Под щитом красоты - страница 17
Башмачкину, пишет Лурье, Гоголь передал участь, которой он сам избежал, но которой больше всего страшился. «Холодный пот проскакивал на лице моем при мысли, что, может быть, мне доведется погибнуть в пыли, не означив своего имени ни одним прекрасным делом». Его преследовал постоянный страх смешаться «с толпою самодовольной черни» и столь же страстное желание «сделать жизнь свою нужною для блага государства», стать «истинно полезным для человечества». Очень важно, что первые мечты его были вовсе не о литературе: «Неправосудие, величайшее в свете несчастие, более всего разрывало мое сердце. Я поклялся ни одной минуты короткой жизни своей не утерять, не сделав блага», – да, он ненавидел несправедливость не менее, чем Белинский.
«Можно гадать, когда и от кого усвоил нежинский гимназист по прозвищу Таинственный Карла такие мысли. Достоверно одно: с юных лет и до самой смерти он верил в высокое назначение человека – каждого человека, а не только немногих избранных, особо одаренных, заметных»[11], – и оттого-то до конца дней не мог оторвать глаз от тех, кто, даже не подозревая о своем предназначении, может довольствоваться будничными радостями, ничтожными и едва ли даже не постыдными, как два слоеных пирожка, скушанных поручиком Пироговым после секуции. Когда один художник снова и снова пишет о жестокости, а другой – о лжи, это совсем не означает, что один жесток, а другой лжив: ложь глубже всего ранит правдивых, а жестокость – добрых. Поэтому не нужно, пожалуй, обманываться и той аппетитностью, которую под пером Гоголя обретает всякая дребедень: Гоголя повергает в грусть и изумление, что люди могут быть счастливы ею, даже не мечтая о чем-то более высоком. Комическое одушевление побеждается глубокой грустью… скучно на этом свете, господа!

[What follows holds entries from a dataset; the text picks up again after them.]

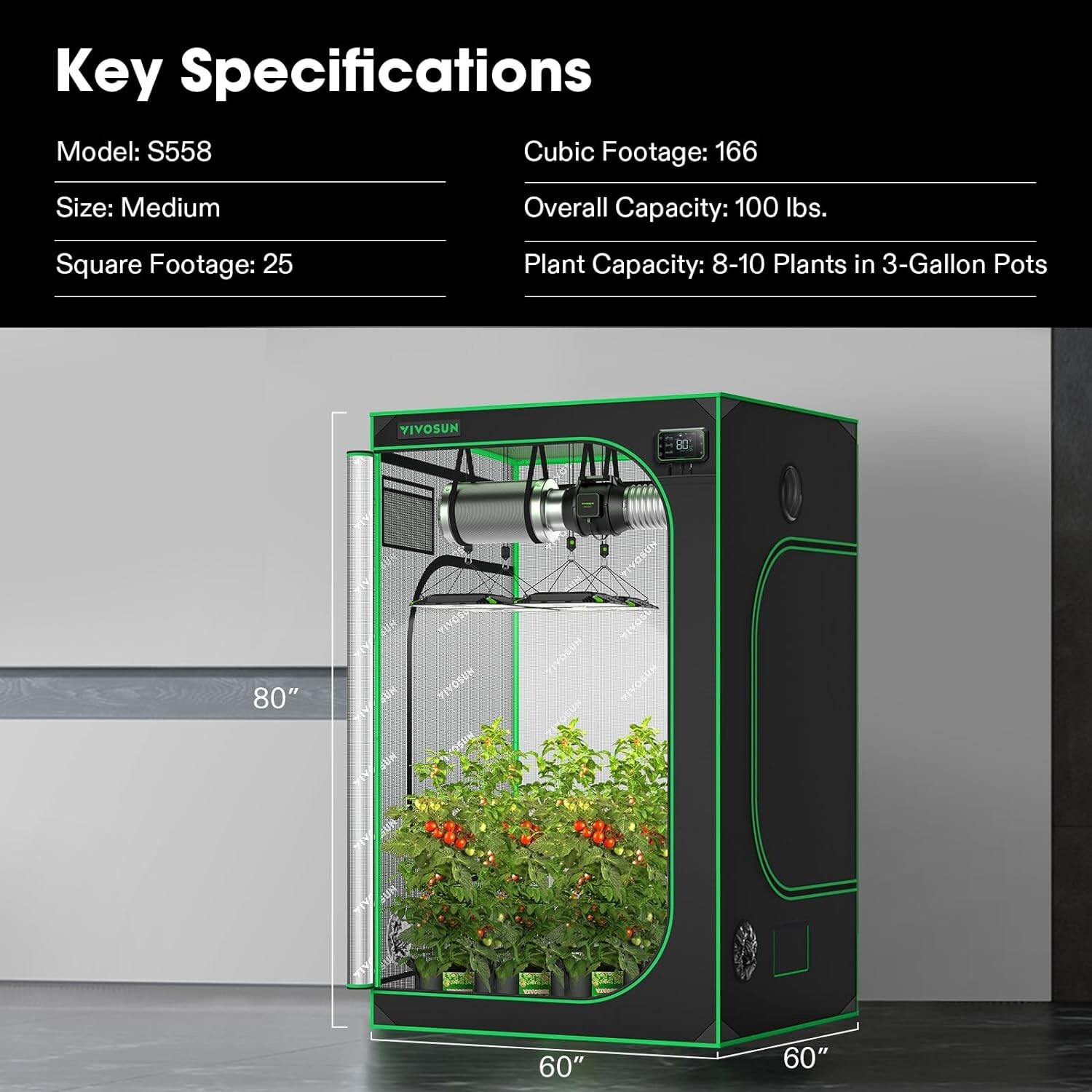 S558 5'x5' Indoor Grow Tent Non Toxic Mylar 100% Reflect 60"X60"X80" 6-10 Plants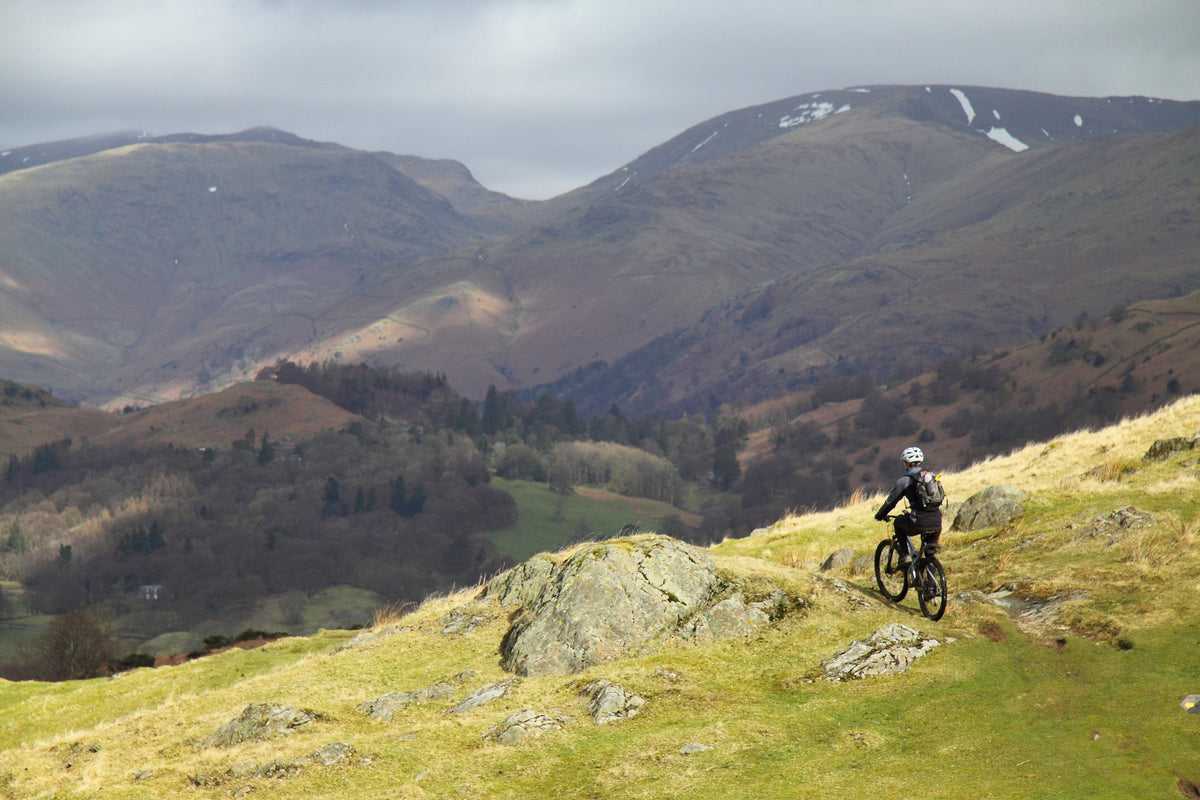 Mountain Biking in the Lake District - Route Photos - Looking over towards Elterwater (Route 5)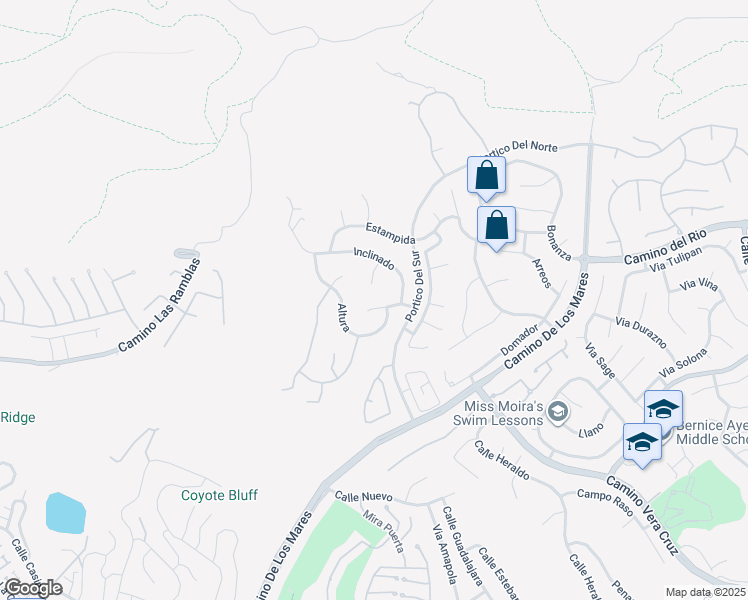 map of restaurants, bars, coffee shops, grocery stores, and more near 1305 Afloramiento in San Clemente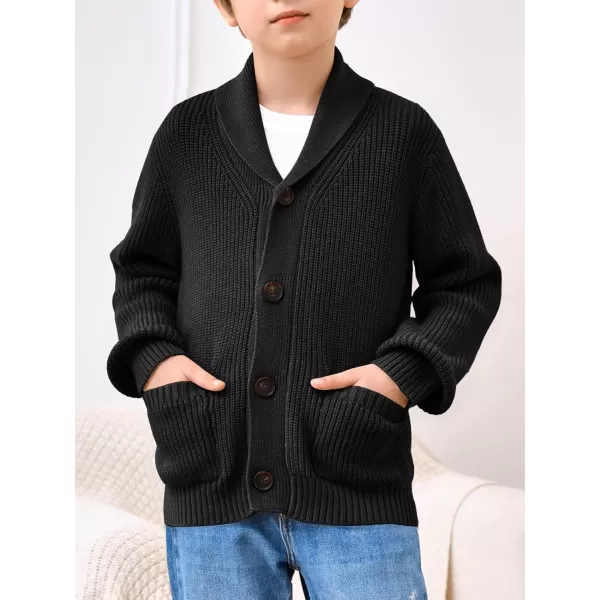 Haloumoning Boy's Shawl Collar Cardigan Sweater Button Down Long Sleeve Knitted Outwear Sweater Coats with Pockets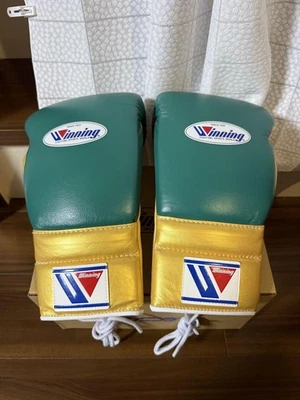 Guantes de Boxeo Winning 16oz Con Cordones Verde Dorado Entrenamiento Ligero Foto 1 de 3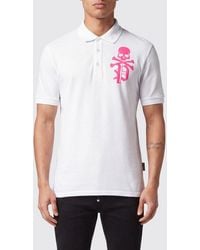 Philipp Plein - Short-Sleeve Cotton Polo Shirt With Skull Print And Logo - Lyst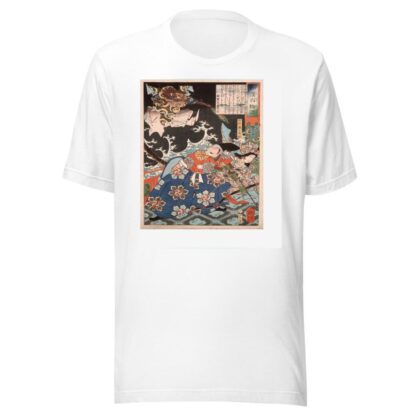 Tawara Tōda Hidesato Protecting the Dragon Woman of Seta from the Giant Millipede by Tsukioka Yoshitoshi T-Shirt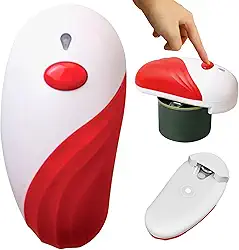Abridor de lata elétrico para qualquer tamanho de lata, mãos livres, seguro para alimentos, abridor de latas, portátil, operado por bateria, com borda lisa, vermelho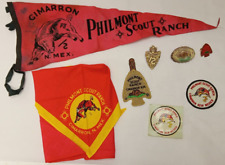 BSA Philmont Scout Ranch Arrowhead Patch Pennant Patch 3 Slides Neckerchief VTG picture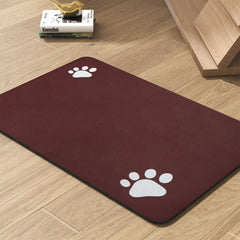 PADOOR pet feeding mat absorbent surface captures spills and keeps floors clean.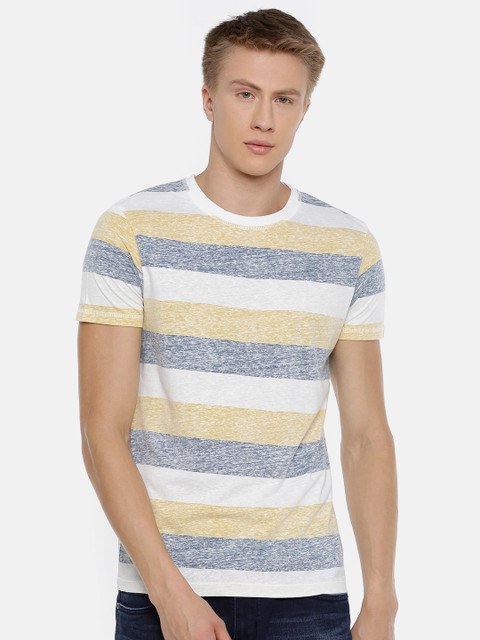 

Jack & Jones Men White Striped Round Neck T-shirt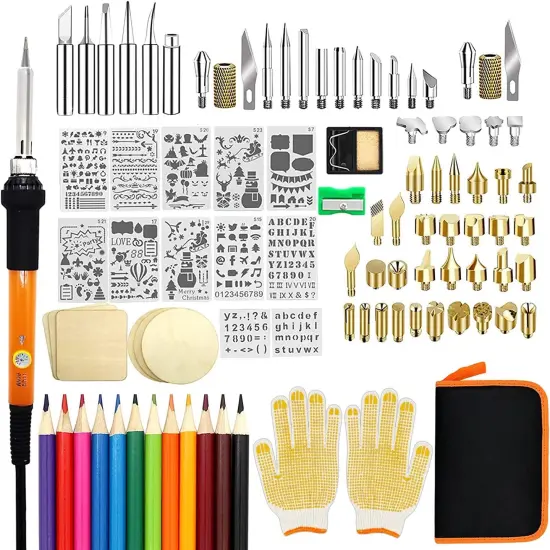 Wood Burning Kit, 110 Pieces Wood Burning Tool with Adjustable Temperature 200-420&deg;C, Professional Wood Burner Pen for Embossing Carving Soldering {1}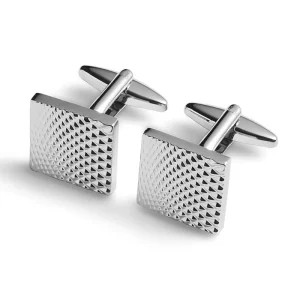 Good Quality Long Sleeved Shirt Debossed Logo Uneven Effect Men Square Cufflink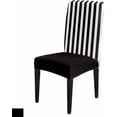 thumbnail image 3 of Chair Covers for Dining Room Set of 4,Black White Stripes Stretch Seat Protector Removable Washable Chairs Slipcovers for Kitchen Banquet Wedding Hotel,Classic Modern Striped, 3 of 6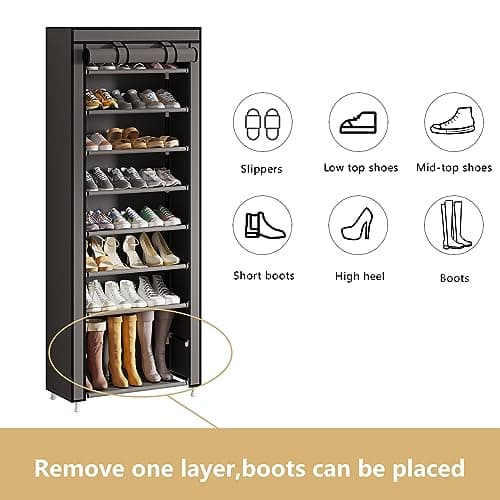 Calmootey 9 Tier Shoe Organizer for Closet Hallway Grey
Calmootey Portable Shoe Shelf with Nonwoven Fabric Cover Grey
Ca
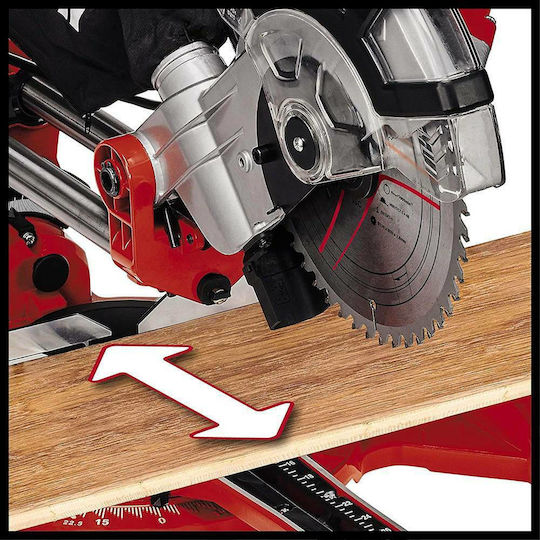 Einhell TC-SM 2131/1 Dual Miter Saw Electric Sliding with Power 1500W, Laser Guide, Cutting Disc Diameter 210mm & Cutting Speed 4900rpm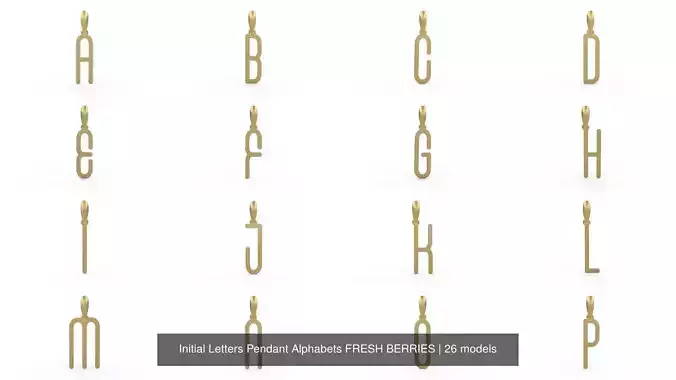Initial Letters Pendant Alphabets FRESH BERRIES 3D Model Collection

Упоение гоголевскими шедеврами становится все менее и менее безоблачным, когда начинаешь понимать, какая цена за них заплачена – но за иную цену в искусстве можно приобрести только безделушки. Зато на смену безмятежному наслаждению приходит изумление перед трагическим величием человеческого духа, способного испепелить свою телесную оболочку во имя того, что ему представляется истиной: ни Белинский, ни Гоголь не постояли за ценой. Мы, обычные люди, своей умеренностью и прохладцей как-то умудряемся примирять в своей душе противоречивые требования различных правд. Но каждая из них находит своих пророков, которые идут до конца и в одиночку расплачиваются за всех, становясь для нас то образцом, то предостережением.
«Изучив устав подробнее, Гоголь начал его придерживаться и, по-видимому, старался сделать более, нежели предписано уставом… Ходил в церковь, молился весьма много и необыкновенно тепло, от пищи воздерживался до чрезмерности: за обедом употреблял только несколько ложек овсяного супа на воде или капустного рассола».
«В четверг явился Гоголь в церковь еще до заутрени и исповедался. Перед принятием св. даров, за обеднею, пал ниц и много плакал. Был уже слаб и почти шатался».
Так приближался к своему последнему часу тот, кого даже самые близкие люди столько раз именовали Тартюфом – «двуличным человеком, играющим комедию даже в том, что есть святейшего человеку». Интересно, с каким чувством перечитывали они его ошельмованную книгу: «Я люблю добро, я ищу его и сгораю им»?
Приезжая в Москву, я всегда отправляюсь на Никитский бульвар к дому Талызина, в котором Гоголь окончательно свел себя в могилу, предварительно сжегши второй том «Мертвых душ», где должно было предстать несметное богатство русского духа. «Долго огонь не мог пробраться сквозь толстые слои бумаги, но, наконец, вспыхнул, и все погибло. Рассказывают, что Гоголь долго сидел неподвижно и наконец проговорил: «Негарно мы зробили, недобре дило». Это было сказано мальчику, бывшему ему камердинером». Здесь, как и всюду, свидетельства современников чуточку расходятся, но разница невелика: просто сидел он задумавшись, а потом заплакал или сначала перекрестил мальчика и лег на диван, а заплакал лишь после.